Atmega8/168 serial connections

Dear friends,

I tried to connect both an Atmega8 and an Atmega168 uC to the serial port of my computer and I have the same results: just squares. Let me detail the problem:

I used a simple Arduino sketch: Serial.begin(9600) in setup() and Serial.print (sensorValue); delay (1000) in loop(). I did not used an external crystal, just the internal of both uCs. I used the schematic provided by sparkfun, found here Beginning Embedded Electronics - 4 - SparkFun Electronics, but connected a capacitor from 2 to ground and one from 6 to ground, in the 232 IC. I made the connections correctly, checked and double checked them. I used 3x1,5 batteries to power the chips.

I tried both hyperterminal (where I did not receive anything), and the serial monitor of the Arduino IDE, where I receive only squares, at a second (see the delay) interval. I also tried Teraterm and I had the same results.

I have Windows XP and I do not know other programming languages for the AVRs, except Arduino IDE and Processing.

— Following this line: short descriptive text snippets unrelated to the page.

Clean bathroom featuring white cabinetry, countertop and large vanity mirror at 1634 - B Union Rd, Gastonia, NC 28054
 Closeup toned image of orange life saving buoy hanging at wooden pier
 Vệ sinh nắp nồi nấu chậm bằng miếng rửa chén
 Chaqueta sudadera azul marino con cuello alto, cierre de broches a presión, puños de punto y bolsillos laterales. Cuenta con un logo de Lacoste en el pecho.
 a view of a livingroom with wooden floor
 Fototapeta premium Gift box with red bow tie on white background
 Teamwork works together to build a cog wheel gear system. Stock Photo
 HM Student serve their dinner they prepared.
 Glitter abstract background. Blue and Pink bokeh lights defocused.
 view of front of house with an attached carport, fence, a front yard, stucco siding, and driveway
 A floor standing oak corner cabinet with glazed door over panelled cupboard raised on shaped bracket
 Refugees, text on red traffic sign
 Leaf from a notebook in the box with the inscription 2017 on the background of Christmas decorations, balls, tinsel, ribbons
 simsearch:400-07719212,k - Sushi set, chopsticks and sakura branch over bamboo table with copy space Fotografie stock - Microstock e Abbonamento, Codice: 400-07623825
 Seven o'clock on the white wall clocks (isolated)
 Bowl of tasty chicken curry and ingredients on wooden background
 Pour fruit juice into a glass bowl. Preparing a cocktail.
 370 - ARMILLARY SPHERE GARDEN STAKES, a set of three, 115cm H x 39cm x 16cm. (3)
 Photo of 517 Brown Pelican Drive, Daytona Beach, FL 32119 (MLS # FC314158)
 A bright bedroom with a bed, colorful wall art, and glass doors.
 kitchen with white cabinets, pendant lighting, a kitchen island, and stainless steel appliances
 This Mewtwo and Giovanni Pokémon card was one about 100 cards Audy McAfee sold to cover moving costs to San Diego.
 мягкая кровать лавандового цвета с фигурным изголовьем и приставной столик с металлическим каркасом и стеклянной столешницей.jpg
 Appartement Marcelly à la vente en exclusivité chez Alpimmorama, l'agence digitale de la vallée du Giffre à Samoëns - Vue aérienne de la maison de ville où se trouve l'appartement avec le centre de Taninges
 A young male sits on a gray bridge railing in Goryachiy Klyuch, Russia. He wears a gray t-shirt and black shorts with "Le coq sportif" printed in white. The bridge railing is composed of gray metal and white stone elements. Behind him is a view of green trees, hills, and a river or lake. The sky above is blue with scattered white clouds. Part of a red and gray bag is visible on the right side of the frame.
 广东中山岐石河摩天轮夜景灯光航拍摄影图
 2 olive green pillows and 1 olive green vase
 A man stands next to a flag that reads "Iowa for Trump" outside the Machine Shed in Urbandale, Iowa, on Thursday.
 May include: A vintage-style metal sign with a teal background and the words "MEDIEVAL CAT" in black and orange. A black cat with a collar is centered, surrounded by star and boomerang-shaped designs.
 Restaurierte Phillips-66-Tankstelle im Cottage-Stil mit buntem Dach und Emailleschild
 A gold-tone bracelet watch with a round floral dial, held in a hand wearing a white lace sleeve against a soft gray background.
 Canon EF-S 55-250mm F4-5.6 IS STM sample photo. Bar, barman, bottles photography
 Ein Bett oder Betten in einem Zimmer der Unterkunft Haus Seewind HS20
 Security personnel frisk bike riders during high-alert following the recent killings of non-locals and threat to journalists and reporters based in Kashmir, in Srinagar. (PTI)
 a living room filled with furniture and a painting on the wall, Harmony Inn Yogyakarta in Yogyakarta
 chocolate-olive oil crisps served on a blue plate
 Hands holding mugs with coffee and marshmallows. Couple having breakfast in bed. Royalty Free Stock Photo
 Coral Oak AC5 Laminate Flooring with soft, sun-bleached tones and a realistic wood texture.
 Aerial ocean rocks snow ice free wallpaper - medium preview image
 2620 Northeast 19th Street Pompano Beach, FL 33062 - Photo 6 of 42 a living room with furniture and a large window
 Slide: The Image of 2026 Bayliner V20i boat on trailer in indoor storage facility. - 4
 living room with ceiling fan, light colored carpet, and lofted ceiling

What am I missing? Can any of you who tried this post some schematic with an AVR and the MAX232? Is it the code (which, as you guessed, works perfectly for an Arduino board) ?

Thank you very much for your patience.

What sketch?

Possibly the divide-by-8 fuse is set. Try uploading the Blink sketch (set to blink every second) and see if the LED does in fact blink every second.

It doesn't. Actually, I think delay(1000) is aproximately 8 seconds, if I correctly measured with the oscilloscope. Can this influence the serial transmission?

What about the schematics, was it ok?

Thank you again.

Can this influence the serial transmission?

Certainly it would. Everything would be 8 times too slow. Unless you particularly want it to run slowly use avrdude to change the fuse setting.

First read the setting and report what it is.

Just to confirm, connect at 1200 baud in your terminal. Since that is 8 times slower than 9600 you should see some output.

I set the baud to 1200 in terminal and:

  1. Hyperterminal gave me "f"s every second, instead of the temperature (that was my sketch about);
  2. serial monitor in Arduino IDE returned random characters (not squars this time, but random ASCII) every second.

So I guess it is not the clock?

Try 600 baud.

Dear Sir,

I tried 600 baud in TeraTerm (Arduino Serial Monitor and HyperTerminal do not allow this baud rate) and I succeeded, it works. I also tried it with a sketch in Processing which listens to the serial port at a given baud rate and it also works.

What is the solution to use the actual baud rate I set in the sketch (9600)? For my present projects, even 600 is ok, but I am interested for the future. I am a little afraid to go by myself in the fusebits section, as I think I permanently damaged an Atmega168 by doing that.

Thank you again!

claudiu_mirescu:
I set the baud to 1200 in terminal and:

  1. Hyperterminal gave me "f"s every second, instead of the temperature (that was my sketch about);
  2. serial monitor in Arduino IDE returned random characters (not squars this time, but random ASCII) every second.

So I guess it is not the clock?

If your 1 second delays is 8 seconds then it's the clock, no doubt. And the divide by 8 fuse is set by default so you have to change it.
Just to be sure, you have selected the "Arduino Pro or Pro Mini (3.3V, 8 MHz) w/ ATmega168" board when programming the atmega 168 right?

If it works at 600 baud (which is 1/16th of 9600) then clearly two things are true:

  • Your processor is running at 8 MHz (not 16 MHz)
  • The "divide clock by 8" fuse is set

This is actually the default way the chips are shipped so this is no big surprise.

I suggest you fix the fuse. See here:

http://www.engbedded.com/fusecalc

You can find the correct setting for the LOW fuse there.

However if you want to play it safe, just tell the sketch to use a faster baud rate. For example, if you double the rate in your sketch, you double rate in the serial monitor. Also be aware that timings (from delay, millis etc.) will be 16 times as slow. You could compensate for that.

Settings the fuses can be done in AVR Studio (with a GUI) so the change of you doing anything wrong is more or less non existing.